善福寺川
●神通橋から環八まで
神通橋を過ぎると、川の周囲の環境は一変します。緑濃い善福寺川緑地を出たわけですから、当然といえば当然でしょう。一言で言えば、明るくなります。背の高いマンションが川沿いにあるわけでもなく、この変化を楽しむのもいいかも知れません。川の護岸のスタイルは、松渓橋までは善福寺緑地内と同じです。神通橋と松渓橋の間、大谷戸橋、西田端橋の近くにはベンチも置かれています。
松渓橋の少し手間で、護岸のスタイルが変わります。コンクリートの垂直護岸壁になり、川幅も広がります。堆積物のおかげで、河床もコンクリートかどうかはわかりません。川幅が広いおかげで、小さな河原ができあがっている所もあり、小さな堰や魚道があったりで、川の表情がさらに豊かになります。これはこれでおもしろい景観だと思っています。
松渓橋から先の遊歩道は依然として両岸に整備されています。路面は普通のアスファルト。ただ、一部で歩道がすごい狭さになります。人間同士がすれ違うのに困るような区間もありますが、子供の頃経験した路地裏を抜けるような楽しさがあります。忍川下橋の前後の左岸歩道には、個人宅から張り出したサクラの幹のおかげで、身をかがめないと通行できない部分もあります。総じて、左岸の方が狭いと思っていいでしょう。狭い道を通りたくないという人は、右岸を行きましょう。それでも、人間同士がすれ違うのに困るような所があります。ちなみに、地元の人はこの狭い歩道に、容赦なく自転車で入ってきます。すれ違いなどで、無用なトラブルは起こさないように歩きましょう。
●明るい流れを見ながら
荻窪橋で環八通りを超えると、広かった川幅は狭くなります。川の両岸の遊歩道は、川沿いの路地の風情を残しています。所々狭い箇所はありますが、河床のコンクリートもない川を見下ろしながら、住宅街の中を進みます。本村橋の先で、JR中央線のガードをくぐります。善福寺川は、緩やかな蛇行を繰り返しながら、北西を目指します。
出山橋の先には、区立おぎ緑地という小さな園地。

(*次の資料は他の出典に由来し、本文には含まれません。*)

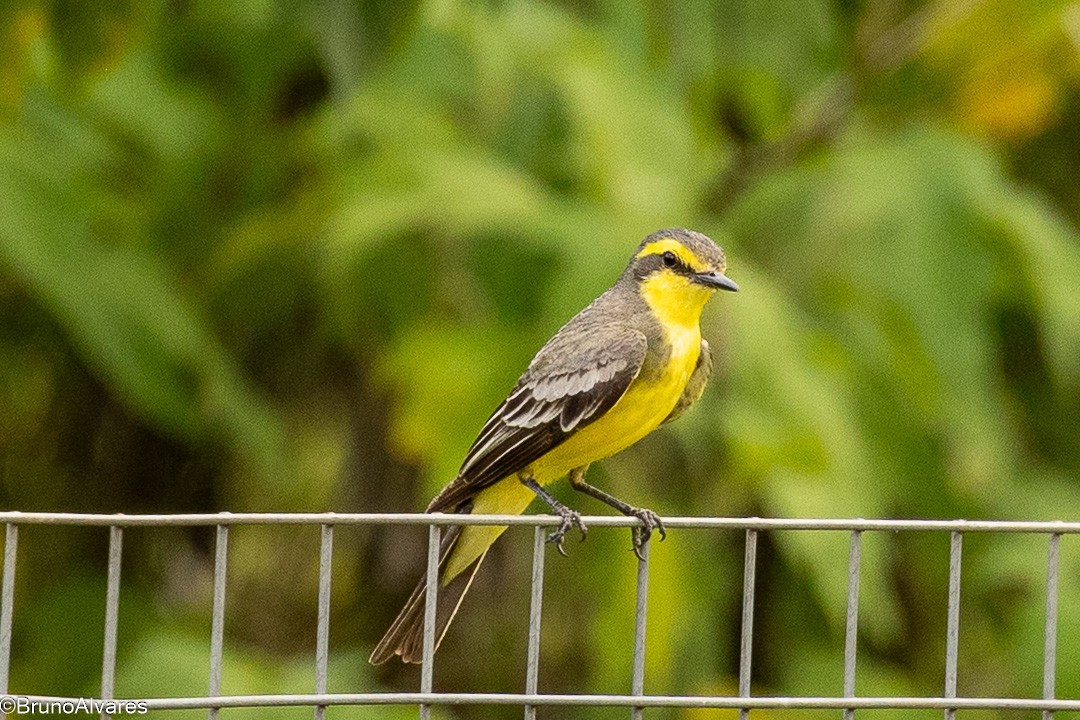 Сатрапа - ML646872856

なぜか、昔ながらの井戸水の手動組み上げポンプが置かれた所。この場所、妙に好きなんです。実は環八から善福寺池までの間は、公園の数も少なくレストポイントもあまりありません。そういった意味では、貴重なスペースです。近くで、レストポイントに使える公園は社橋と丸山橋の間にある、関根文化公園。宿橋近くの井荻公園になります。

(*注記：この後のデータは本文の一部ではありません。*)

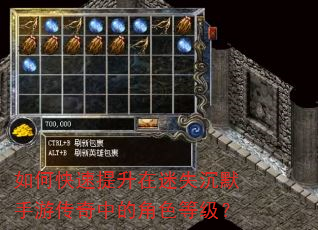 如何快速提升在迷失沉默手游传奇中的角色等级? 如何快速提升在迷失沉默手游传奇中的角色等级?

関根橋は、中央線西荻窪駅に最も近づく地点です。この辺りまで来ると、川の水量もずいぶんと少なくなります。河床もはっきりわかるような、透明度の高さが嬉しい区間です。実は、原寺分橋の下に自然湧水がそのまま川に流れ込んでいる箇所があります。水が湧いている部分の崩壊を防ぐために、周囲をコンクリートで固めているのが少し興ざめですが、それも仕方がないことかも知れません。その先の耕整橋に出ると、井荻小学校の敷地のため、ちょっと迂回しなければなりません。迂回路の地図が用意されているので、迷うことはないでしょう。善福寺川沿川で唯一、川沿いを歩けない区間です。
●最終コース 善福寺池へ
迂回を終えて川沿いに戻ると、もう最終コースです。川の水量もずいぶんと少なくなりました。行く手に森の姿が見えてくると、善福寺公園はすぐそこ。八幡西橋からコンクリート3面貼りにU字溝という味気ない姿になってしまいます。八幡西橋の次が、善福寺川最初の橋、美濃山橋。その先はもう善福寺公園です。善福寺川の流出口は小さな水門になっています。
善福寺公園は、上の池、下の池のふたつの池からなる都立公園。善福寺川が流れ出すのは、下の池。上の池と比較すると小さな池ですが、静けさを楽しめる空間です。上の池は貸しボートも浮かぶ広さがあります。弁財天社が奉られていますが、そのそばに遅野井の滝があります。人の手でポンプアップして復元された源泉です。